The second factor greatly contributing to the price crash was the brief price war that emerged between two members of the Organization of the Petroleum Exporting Countries organization (OPEC+): Saudi Arabia and Russia. In March of 2020, Russia refused to agree to additional production cuts requested by OPEC. Saudi Arabia responded by reducing their price to Asian buyers and announcing that crude production would be increased from just under ten million barrels per day to over twelve million barrels per day, putting additional downward pressure on the price of crude.2 Eventually, the members of OPEC+ were able to reach agreement on production cuts and stabilize supply levels, but this initial disagreement greatly contributed to the price crash.
Evolution of Covid-19
The first cases of COVID-19 were reported in December of 2019, in Wuhan, China.3 Within the next few weeks, the disease spread to other parts of China, due mainly to the size and transient nature of the Wuhan population.
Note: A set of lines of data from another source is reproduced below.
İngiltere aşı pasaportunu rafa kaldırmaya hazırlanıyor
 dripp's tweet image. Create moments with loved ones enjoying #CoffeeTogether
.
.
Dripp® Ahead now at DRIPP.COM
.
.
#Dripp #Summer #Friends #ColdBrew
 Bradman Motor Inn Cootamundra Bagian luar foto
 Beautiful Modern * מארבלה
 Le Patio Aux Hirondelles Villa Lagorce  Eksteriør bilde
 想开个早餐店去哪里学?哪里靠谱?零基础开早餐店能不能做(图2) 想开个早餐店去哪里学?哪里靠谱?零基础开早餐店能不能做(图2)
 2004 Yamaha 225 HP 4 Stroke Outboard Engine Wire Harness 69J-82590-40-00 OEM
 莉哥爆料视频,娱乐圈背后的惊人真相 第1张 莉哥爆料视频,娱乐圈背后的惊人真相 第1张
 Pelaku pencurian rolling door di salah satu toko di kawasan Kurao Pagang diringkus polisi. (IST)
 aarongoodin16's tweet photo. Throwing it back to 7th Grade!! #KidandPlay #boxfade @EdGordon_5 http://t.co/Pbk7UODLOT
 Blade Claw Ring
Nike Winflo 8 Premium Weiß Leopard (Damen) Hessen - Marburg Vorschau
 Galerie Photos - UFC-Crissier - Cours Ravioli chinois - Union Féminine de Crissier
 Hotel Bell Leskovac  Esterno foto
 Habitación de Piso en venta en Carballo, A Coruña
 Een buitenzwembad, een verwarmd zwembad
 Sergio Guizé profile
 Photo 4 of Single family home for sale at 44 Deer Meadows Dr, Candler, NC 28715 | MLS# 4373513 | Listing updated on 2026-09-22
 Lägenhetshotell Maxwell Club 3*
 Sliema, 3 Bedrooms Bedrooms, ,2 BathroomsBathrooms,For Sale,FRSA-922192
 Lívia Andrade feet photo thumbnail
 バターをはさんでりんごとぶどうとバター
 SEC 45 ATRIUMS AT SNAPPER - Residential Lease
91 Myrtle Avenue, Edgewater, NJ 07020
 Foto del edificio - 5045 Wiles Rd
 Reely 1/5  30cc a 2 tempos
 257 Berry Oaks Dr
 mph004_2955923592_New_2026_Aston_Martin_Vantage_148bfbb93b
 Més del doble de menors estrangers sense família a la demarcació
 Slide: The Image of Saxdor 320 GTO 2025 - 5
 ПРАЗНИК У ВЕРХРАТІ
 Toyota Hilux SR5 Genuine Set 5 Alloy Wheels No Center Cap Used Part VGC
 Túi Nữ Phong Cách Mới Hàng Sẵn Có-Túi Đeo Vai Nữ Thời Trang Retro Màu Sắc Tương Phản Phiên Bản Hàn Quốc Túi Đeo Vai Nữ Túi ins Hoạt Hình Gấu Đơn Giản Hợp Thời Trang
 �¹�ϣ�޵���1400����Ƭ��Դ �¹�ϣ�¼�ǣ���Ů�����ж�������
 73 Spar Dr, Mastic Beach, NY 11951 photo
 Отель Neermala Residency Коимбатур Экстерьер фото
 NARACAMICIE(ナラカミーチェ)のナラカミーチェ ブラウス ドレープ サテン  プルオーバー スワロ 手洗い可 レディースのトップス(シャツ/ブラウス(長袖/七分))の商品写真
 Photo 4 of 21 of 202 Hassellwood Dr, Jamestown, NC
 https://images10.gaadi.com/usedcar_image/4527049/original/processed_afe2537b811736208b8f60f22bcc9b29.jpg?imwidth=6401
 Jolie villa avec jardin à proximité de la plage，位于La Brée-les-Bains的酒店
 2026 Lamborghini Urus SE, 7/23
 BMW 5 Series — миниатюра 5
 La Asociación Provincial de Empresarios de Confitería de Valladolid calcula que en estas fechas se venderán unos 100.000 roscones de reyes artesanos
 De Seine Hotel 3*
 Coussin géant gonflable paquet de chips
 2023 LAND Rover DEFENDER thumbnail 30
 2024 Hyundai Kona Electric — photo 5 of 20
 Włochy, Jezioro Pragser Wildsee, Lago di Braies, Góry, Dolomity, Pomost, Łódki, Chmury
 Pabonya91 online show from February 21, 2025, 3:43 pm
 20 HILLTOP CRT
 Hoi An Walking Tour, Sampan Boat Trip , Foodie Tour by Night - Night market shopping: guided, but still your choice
The Chinese government attempted to prevent the spread of COVID-19 by imposing a mandatory quarantine in Wuhan on January 23, 2020, but by that time, millions of residents had already left the city. Within a month from the first reported case, the virus had spread to several other countries, including Italy, the United States, and Germany.4 On January 22, 2020, the World Health Organization (WHO) Director General convened the WHO Emergency Committee to discuss whether to declare the outbreak in China as a public health emergency of international concern. The committee members could not reach a consensus at that meeting and requested to reconvene ten days later after further information gathering and additional consideration of the
matter. After a WHO delegation traveled to China on January 28, 2020, the WHO Emergency Committee reconvened on January 30, 2020, and the Director-General, on the recommendation of the EC, declared the novel COVID-19 outbreak (2019-nCoV) a Public Health Emergency of International Concern (PHEIC).5 Approximately five weeks later, the WHO declared the virus a global pandemic.
The impact of COVID-19 on the global economy cannot be overstated. The virus spread rapidly and had an unprecedented impact on the major economies of the world, many of which are members of the OECD. The table below depicts currently the ten most affected countries with the highest number of cases to date and includes the date of the first known case in each country:6
Although cases continue to rise and appear to have accelerated in certain countries recently, the mitigative measures governments implemented earlier this year were effective in slowing the spread of the disease, at least until recently. The following section describes the impact that these governmental mitigative measures have had on global hydrocarbon demand.
Country7 Confirmed
Cases Cumulative Deaths Date first case reported8
United States 9,868,389 236,042 1/21/2020
India 8,591,730 127,059 1/29/2020
Brazil 5,664,115 162,802 2/25/2020
France 1,857,309 41,062 1/23/2020
Russia 1,802,762 30,899 1/30/2020
Spain 1,381,218 39,345 1/31/2020
Argentina 1,262,476 34,183 3/2/2020
UK 1,237,198 49,861 1/30/2020
Colombia 1,155,356 33,128 3/5/2020
Italy 995,463 42,330 1/30/220
Mexico 967,825 95,027 2/28/2020 9
Global demand for hydrocarbons
As the virus continued to spread throughout the world earlier this year, governments began to enforce various restrictions on the movement of people and social interactions. These measures include, among other things, complete or partial lockdowns, curfews, closings of schools and nonessential businesses, and bans on public gatherings with large groups of people.10 These restrictions significantly reduced demand for energy as they were implemented. Demand for jet fuel collapsed due to international travel restrictions. Demand for gasoline and other petroleum-based fuels used for transportation declined severely, causing unprecedented market imbalances between crude demand and crude supply. The International Energy Agency’s Global Energy Review 2020 captures the impact of COVID-19 on energy demand in general and crude demand in particular. In the period of a single month, between mid-March and mid-April, the global share of energy use impacted by governmental restrictions increased from 5% to 50%. Further, the IEA’s analysis indicates that countries with complete lockdown measures in place faced an average 25% weekly decrease in energy demand, while countries with partial lockdowns averaged an 18% weekly decline in energy demand.11 Overall, during the first quarter of 2020, global energy demand declined by just under 4% due to governmental actions. By the end of April, just one month into the second quarter of 2020, more than four billion people, representing approximately 54% of the global population and just under 60% of global GDP, were impacted by governmental restrictions.12
The graph below depicts the percentage of the global population impacted by governmental containment measures over time. The graph
distinguishes between containment measures taken by governments based on the degree of severity of the measure, ranging from limited social restrictions to full lockdowns. In midJanuary 2020, roughly 20% of the world’s population was under some form of containment measure, consisting primarily of closings of schools and universities, as well as non-essential businesses. By mid-March, as the spread of the virus increased exponentially, some form of containment measures impacted practically the entire global population.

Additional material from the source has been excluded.